Another very effective hunting tactic for early season elk can be sitting on wallows. This will generally not produce the heart pounding elk experience all hunters dream of, but the fact is that many successful hunters kill their bull off a wallow nearly every year. Wallows not only provide drinking water for elk, but are also a place to cool off, avoid insects, and serve as a social gathering area. These are areas that may or may not be hit regularly and hunting these spots can require a dedication of hours and, sometimes, even days. The use of trail cameras can be extremely beneficial here and may be used to potentially pattern an elk though bulls are notoriously hard to reliably pattern.
Keep in mind that due to most wallows being found in low bottoms and draws, the wind can be a major factor and is something that may switch often.

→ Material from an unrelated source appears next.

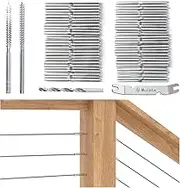 Muzata 20Pack 1/8" Swage Lag Screws Left & Right Cable Railing Hardware Kit Handed Thread for Wood Post T316 Stainless Steel Stair Deck WoodBudget System 10 Pairs CK17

Some wallows may simply be “un-huntable” because of this.
In country where elk can be glassed from a distance, hunters may be able to establish entry points into feeding and bedding areas that elk are using. Once a reliable pattern has been discovered, hunters can set up blinds—either natural or artificial—or simply establish quick ambush points. When picking your spot to sit and wait, consider shooting lanes, visibility, wind directions, and even contingency plans if things go south. This style of hunting can really suit hunters hunting in open terrain, areas of heavy pressure, or herds consisting of a large number of animals.
6. Spot and stalk
When all else fails getting back to the basics and employing simple spot and stalk methods can still be very effective. If the elk are not talking vocally; however, I have verified there are through sightings or sign, then I will likely pick some “elky” areas to slowly cruise through. With the hotter temperatures typically found in the early season quietly slipping through dark, north facing slopes can lead hunters into unsuspecting elk encounters as they move between feeding and bedding areas. Keep tabs on your wind and try to move with the wind direction favorable to your target destination. The exact circumstances surrounding the encounter will largely dictate your next move whether it is calling, dogging the herd, or attempting to get ahead of the elk and try for an ambush.
While many hunters generally treat opening weekend as a training hike for the upcoming rut; those who practice good tactics for early season bulls can enjoy some great hunting with bulls that are likely unharassed. Keep your calling in check and really consider what you are saying to the elk with each bugle or cow call you throw out. This is a time where elk are largely sizing each other up and establishing the who and the what. Go in swinging and you’re likely going to see a lot of elk rumps as they bail over the next ridge. Play your tactics to your terrain and employ what best suits you and your area.